Company accelerates efforts for global launch through ongoing global Phase 3 trials of GBP410 and plans to obtain cGMP certification.

“We will contribute to global public health and vaccine access through successful vaccine development and supply.”

SK bioscience, a global innovative vaccine and biotech company committed to promoting human health from prevention to cure, today announced that the company has completed a major expansion of its vaccine production facility, L HOUSE, in Andong to strengthen its global infrastructure and accelerate entry into the global vaccine market.

The facility recently received building use approval from the City of Andong. The approval is an official certification issued by local authorities confirming the safety and suitability of newly constructed or expanded buildings for use.

The expansion aims to establish commercial-scale production capacity for GBP410, a 21-valent pneumococcal conjugate vaccine (PCV) candidate jointly developed with global pharmaceutical company Sanofi. Through joint investment, SK bioscience added two floors to the existing vaccine manufacturing department in L HOUSE, which created approximately 4,200㎡ of new space.

SK bioscience plans to swiftly obtain the U.S. FDA’s cGMP (current Good Manufacturing Practices) certificate, the standard for pharmaceutical manufacturing and quality management in the United States. With the cGMP certificate, L HOUSE is expected to take a major step forward in becoming a global vaccine supply hub. Notably, L HOUSE previously demonstrated its global competitiveness by becoming the first Korean vaccine manufacturing site to obtain EU-GMP certification from the European Medicines Agency (EMA) in 2021.

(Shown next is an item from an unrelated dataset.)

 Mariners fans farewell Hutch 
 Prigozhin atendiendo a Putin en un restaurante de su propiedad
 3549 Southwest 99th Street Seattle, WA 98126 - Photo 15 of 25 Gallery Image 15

GBP410 entered global Phase 3 studies in December last year, starting in Australia and expanding to the U.S., South Korea, and other countries. The trial evaluates the immunogenicity and safety of GBP410 in more than 7,700 healthy infants, toddlers, young children, and adolescents aged 6 weeks to 17 years after up to four doses, depending on the age at enrollment. In earlier Phase 2 trials, GBP410 demonstrated immunogenicity and safety comparable to the control vaccine, Prevnar 13.

GPB410 is the first PCV candidate with more than 20 serotypes to enter phase 3 trials in infants and toddlers and is expected to make a significant contribution to reducing cases of invasive pneumococcal disease (IPD), which remains a serious health concern in this age group.

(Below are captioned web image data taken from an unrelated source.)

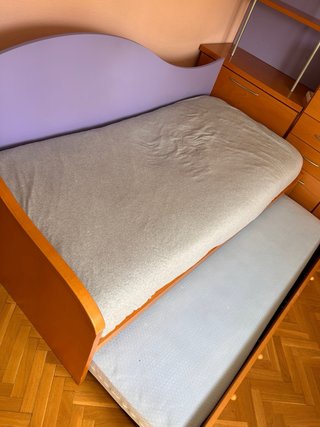 Cama juvenil con otra cama supletoria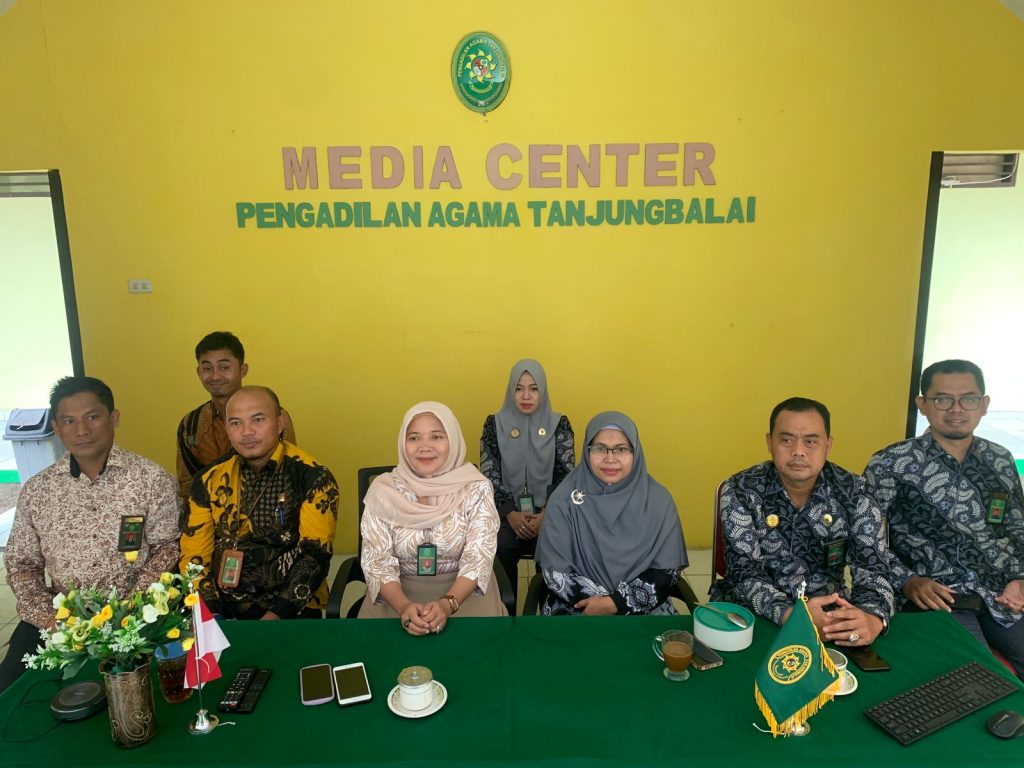Segenap Aparatur Pengadilan Agama Tanjungbalai Ikuti Pembinaan Bidang Teknis dan Administrasi Yudisial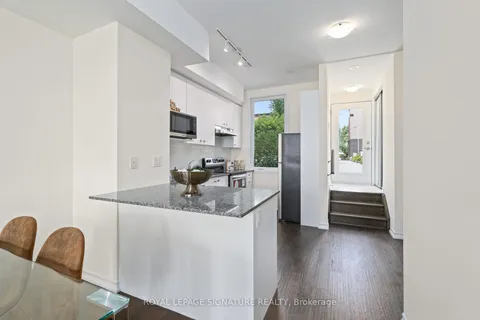 10 Curlew Drive, ON M1R 1V1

According to the World Health Organization (WHO), approximately 300,000 children under the age of five worldwide die every year due to Streptococcus pneumoniae which is the leading cause of vaccine-preventable fatalities in this age group. This underscores the critical need for pneumococcal vaccines like GBP410.

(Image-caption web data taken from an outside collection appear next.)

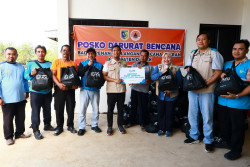 PLN Turun Salurkan Bantuan Saat Banjir Rendam Permukiman Demak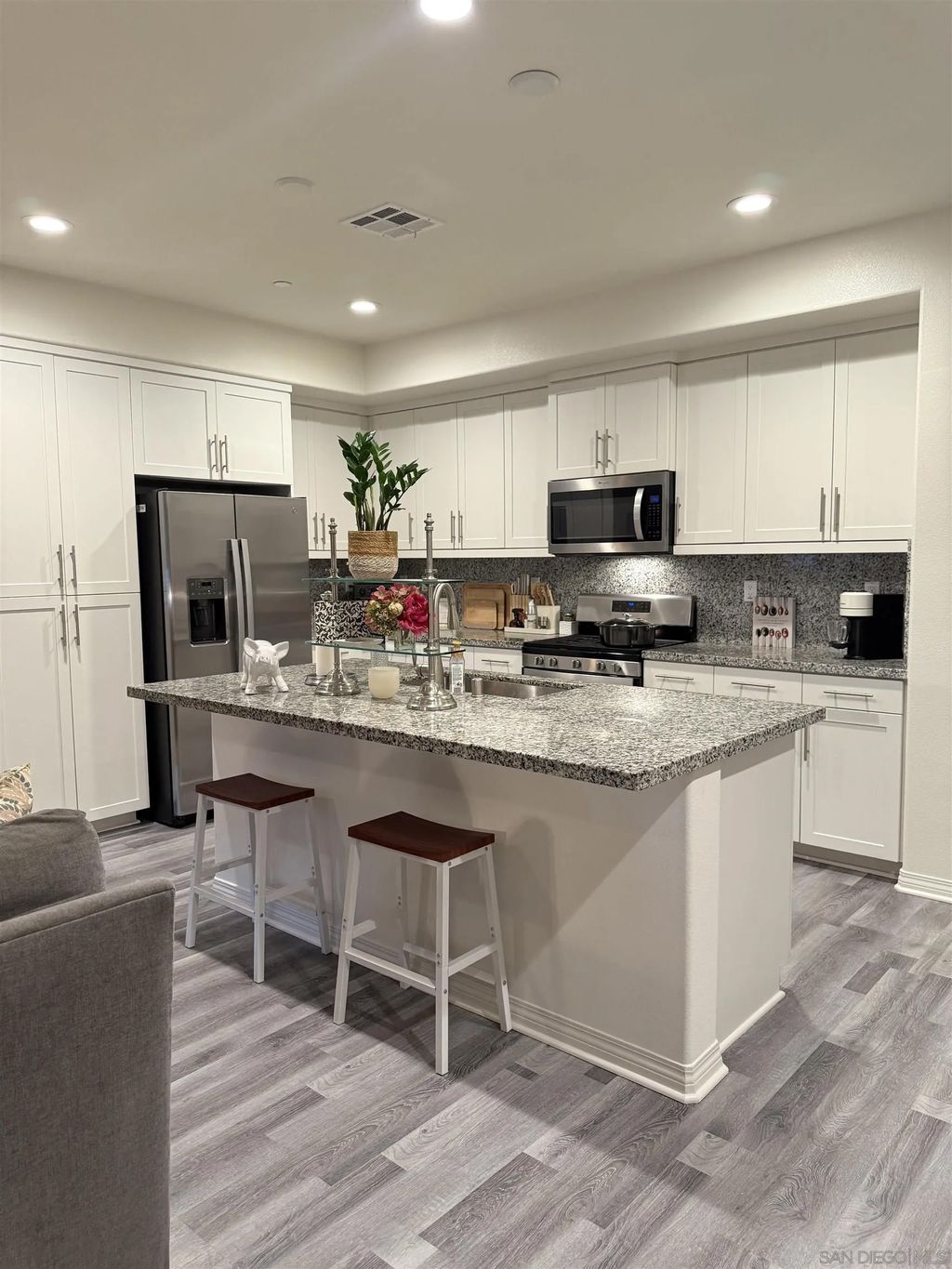 Photo of 503 Turnstone Lane, Imperial Beach, CA 91932 (MLS # 180022162)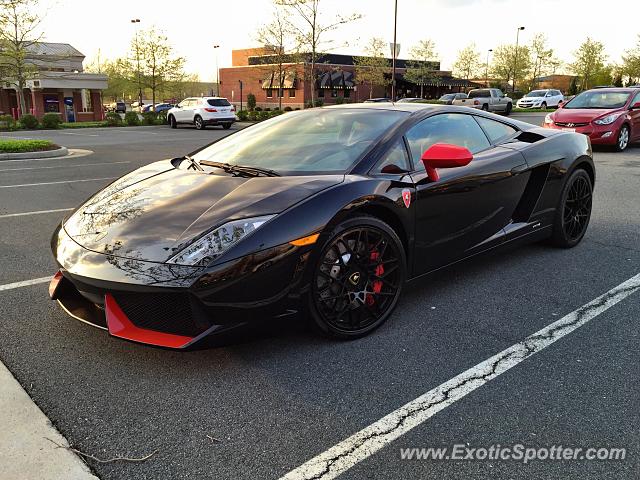 Lamborghini Gallardo spotted in Dulles, Virginia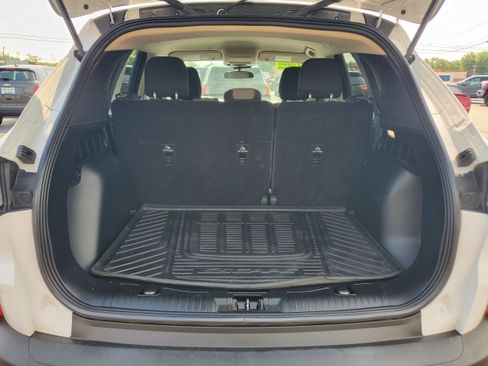 Used 2020 Ford Escape SE FWD image 28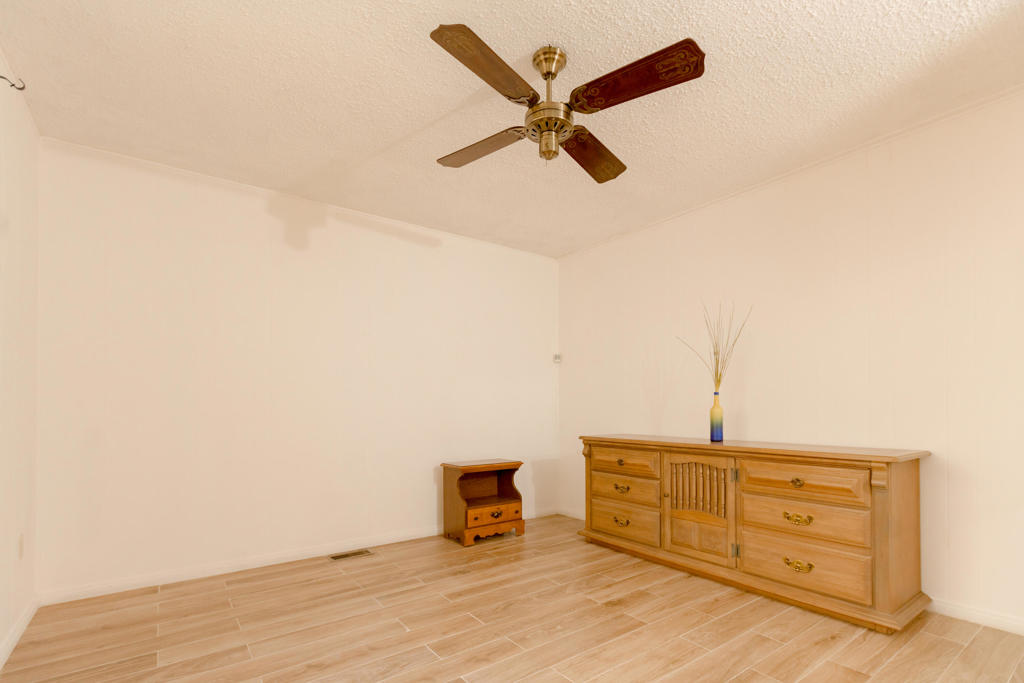 Desert Grove - Manufactured In Park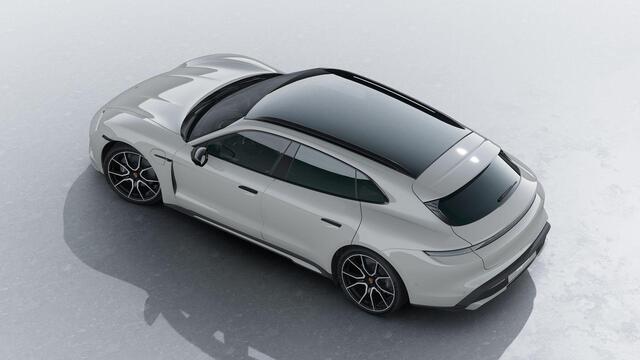 Porsche Taycan Sport Turismo Black Edition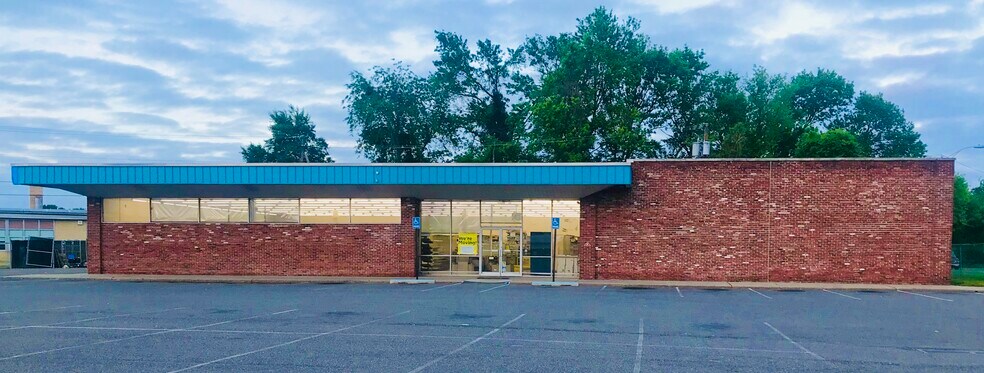 More Photos Of 162 S Broadway, Pennsville Freestanding For Sale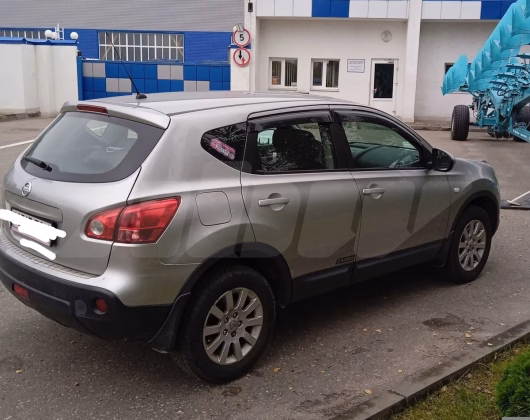 Nissan Qashqai (2)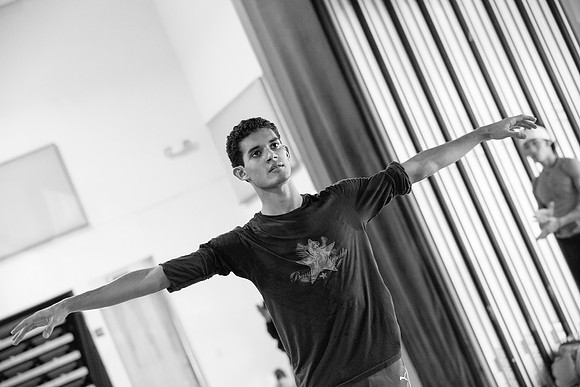 20110623_6000_DG_MCB-3679bw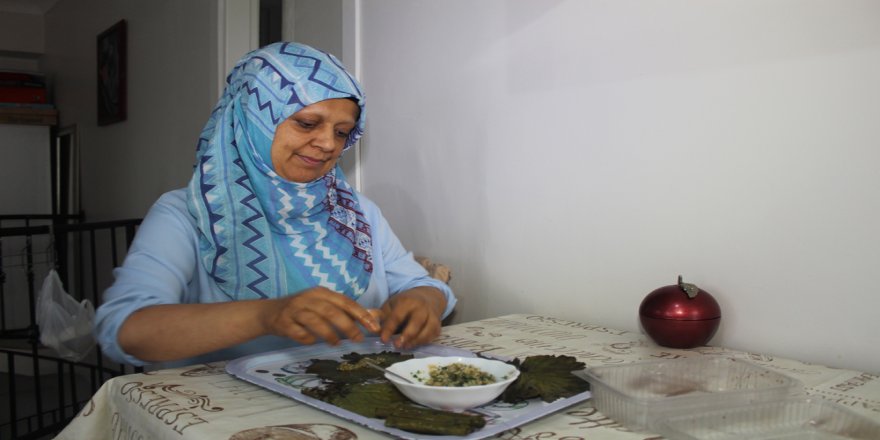 Kanser Hastası Kadın Sardığı Sarmalarla Öğrencilere Burs Veriyor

SK bioscience and Sanofi expect to leverage the scientific and technical know-how of both companies, including SK bioscience’s advanced technology and production capacity and Sanofi’s expertise in global product development, regulatory affairs and in launching innovative vaccines to achieve rapid market share expansion worldwide.

Furthermore, in December 2024, the two companies expanded their collaboration beyond the development and commercialization of GBP410. The expanded agreement aims to co-develop next-generation PCVs for both pediatric and adult populations with the potential to provide broader protection than those currently licensed, further strengthening the companies’ pneumococcal development pipeline.

Jaeyong Ahn, CEO of SK bioscience, said, “The expansion of L HOUSE marks a key milestone in establishing the facility as a global vaccine hub. Through our successful partnership with Sanofi, we will continue to lead as Korea’s premier vaccine company and contribute to advancing global public health.”